◆ Information given
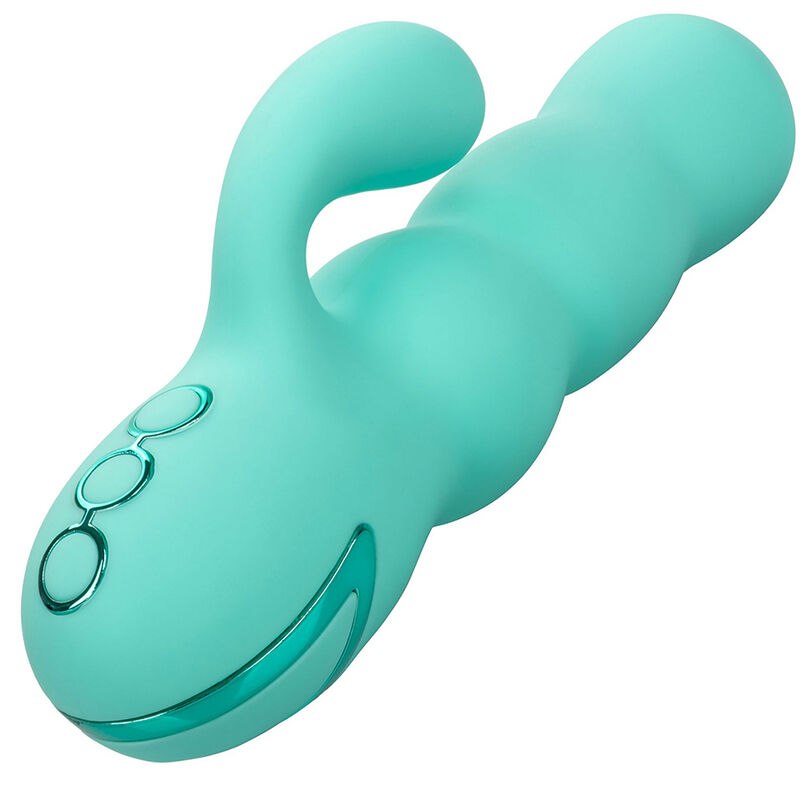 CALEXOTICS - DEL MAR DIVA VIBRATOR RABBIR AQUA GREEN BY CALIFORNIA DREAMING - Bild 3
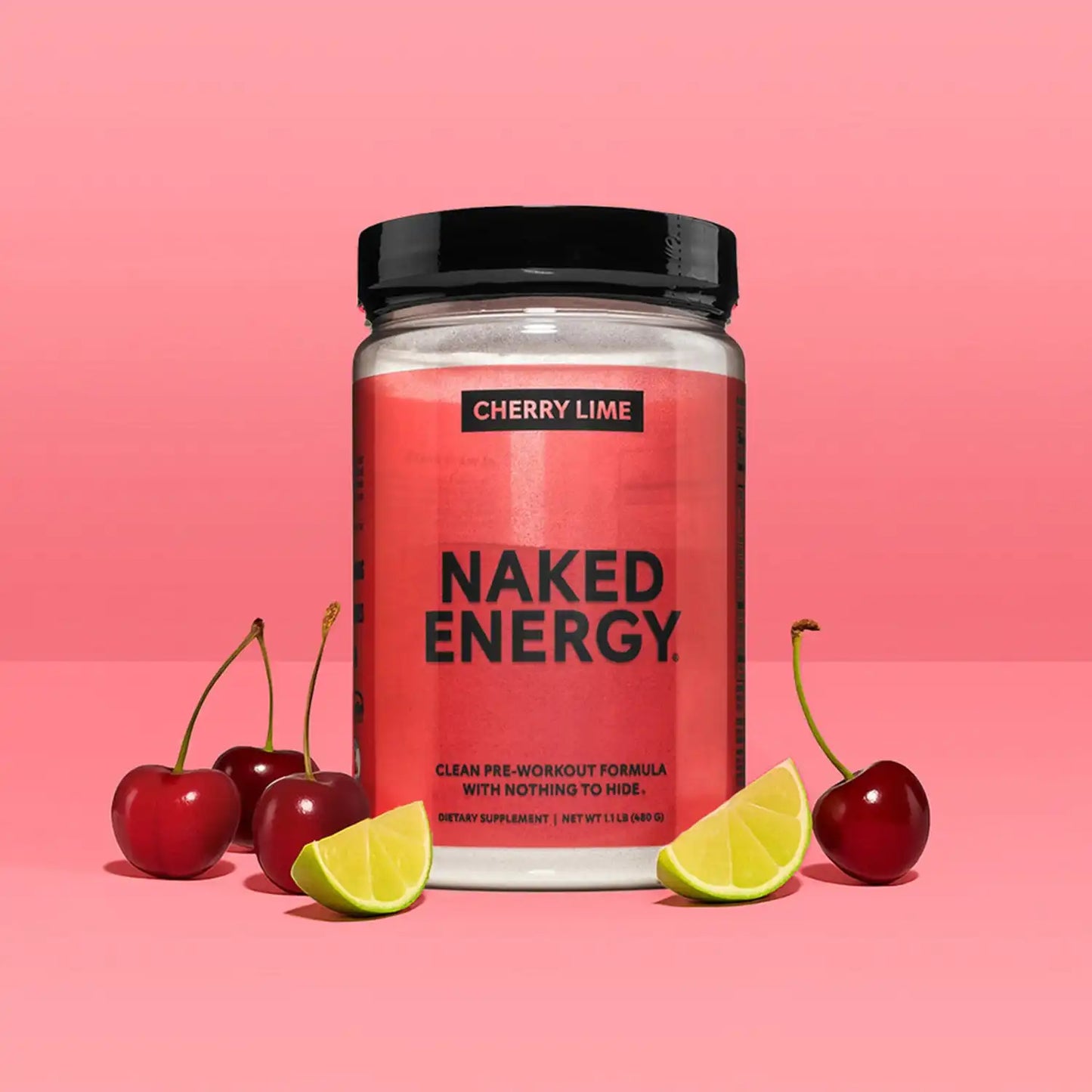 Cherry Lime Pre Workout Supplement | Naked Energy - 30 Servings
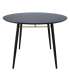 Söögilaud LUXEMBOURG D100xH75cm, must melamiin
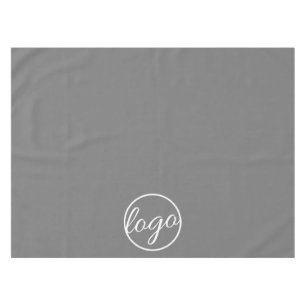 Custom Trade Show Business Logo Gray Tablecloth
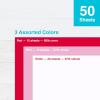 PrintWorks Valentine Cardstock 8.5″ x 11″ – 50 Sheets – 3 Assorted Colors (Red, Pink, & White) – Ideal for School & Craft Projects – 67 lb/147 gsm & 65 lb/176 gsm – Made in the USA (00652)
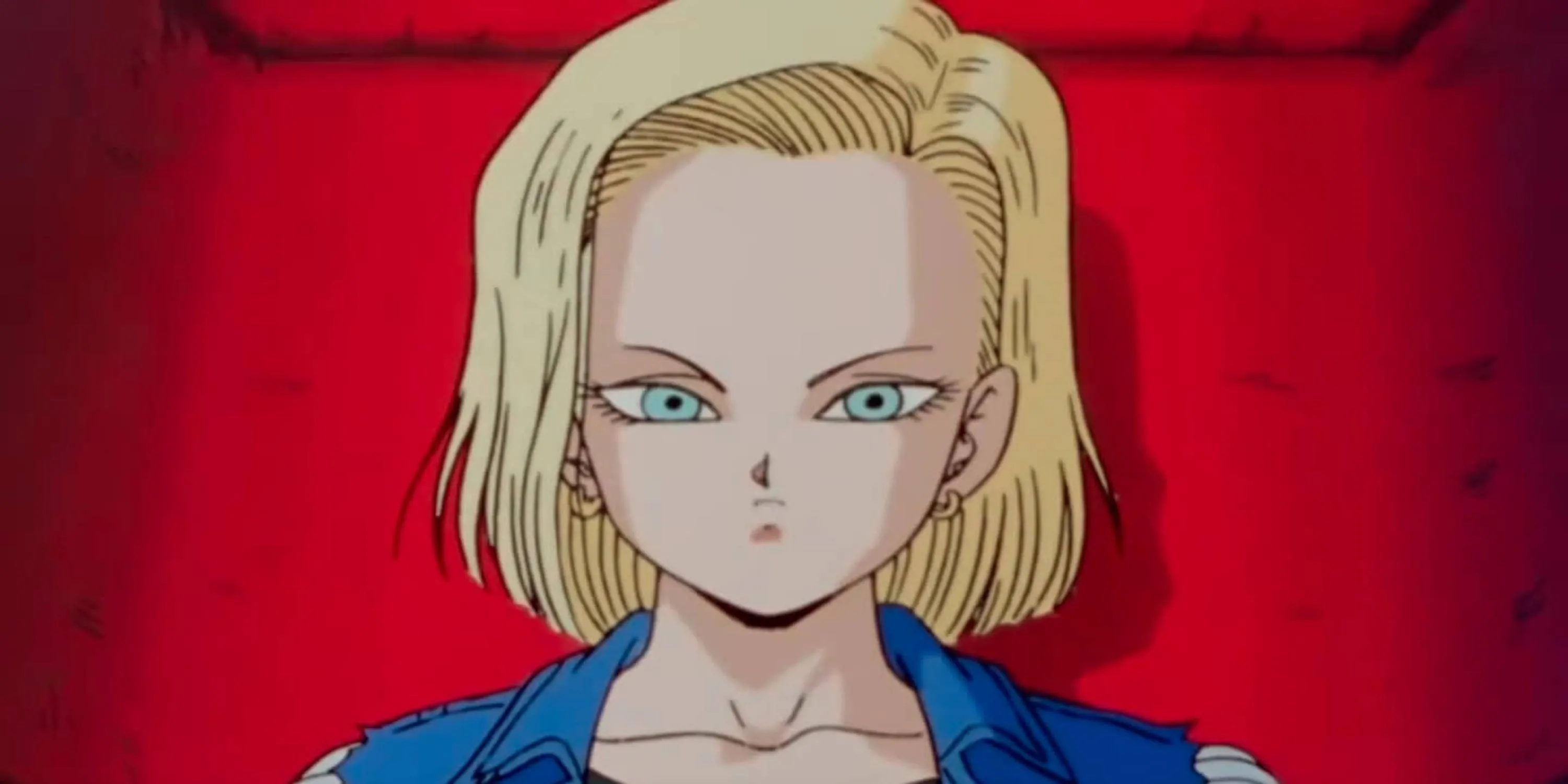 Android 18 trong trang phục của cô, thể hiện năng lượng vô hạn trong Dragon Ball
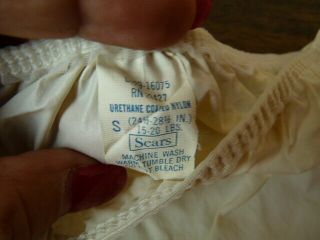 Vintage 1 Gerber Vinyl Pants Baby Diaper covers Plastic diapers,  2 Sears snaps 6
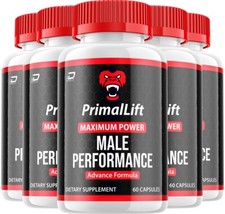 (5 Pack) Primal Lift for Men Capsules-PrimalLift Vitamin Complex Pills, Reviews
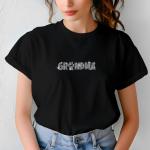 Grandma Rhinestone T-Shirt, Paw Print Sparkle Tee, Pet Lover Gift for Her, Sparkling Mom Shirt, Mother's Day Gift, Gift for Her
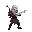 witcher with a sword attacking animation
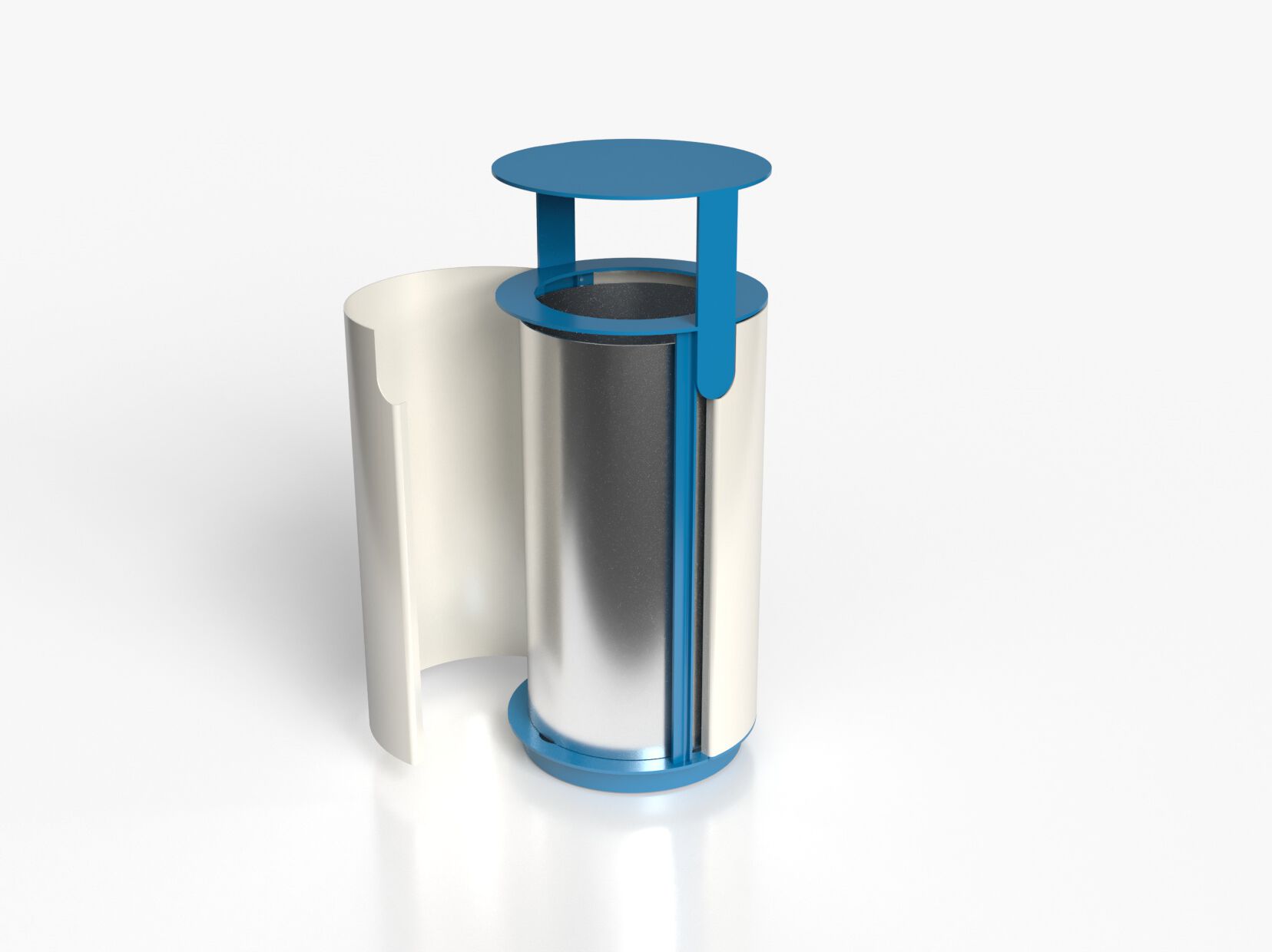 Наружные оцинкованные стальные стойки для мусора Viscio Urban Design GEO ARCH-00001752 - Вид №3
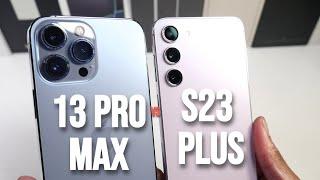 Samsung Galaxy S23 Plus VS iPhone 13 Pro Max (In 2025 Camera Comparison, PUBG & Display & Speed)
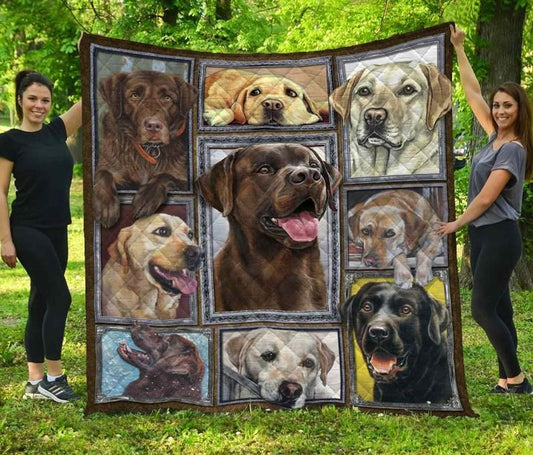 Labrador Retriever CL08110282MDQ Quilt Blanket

◆ What the task requires
Exact copy, pictures excluded: repeat the lines from the top of the material through the line with "witcher with a sword attacking animation".

◆ Reply to the exercise
 CALEXOTICS - DEL MAR DIVA VIBRATOR RABBIR AQUA GREEN BY CALIFORNIA DREAMING - Bild 3
 Cherry Lime Pre Workout Supplement | Naked Energy - 30 Servings
 Söögilaud LUXEMBOURG D100xH75cm, must melamiin
 Custom Trade Show Business Logo Gray Tablecloth
 PrintWorks Valentine Cardstock 8.5″ x 11″ – 50 Sheets – 3 Assorted Colors (Red, Pink, & White) – Ideal for School & Craft Projects – 67 lb/147 gsm & 65 lb/176 gsm – Made in the USA (00652)
 Android 18 trong trang phục của cô, thể hiện năng lượng vô hạn trong Dragon Ball
 Vintage 1 Gerber Vinyl Pants Baby Diaper covers Plastic diapers,  2 Sears snaps 6
 (5 Pack) Primal Lift for Men Capsules-PrimalLift Vitamin Complex Pills, Reviews
 Grandma Rhinestone T-Shirt, Paw Print Sparkle Tee, Pet Lover Gift for Her, Sparkling Mom Shirt, Mother's Day Gift, Gift for Her
 witcher with a sword attacking animation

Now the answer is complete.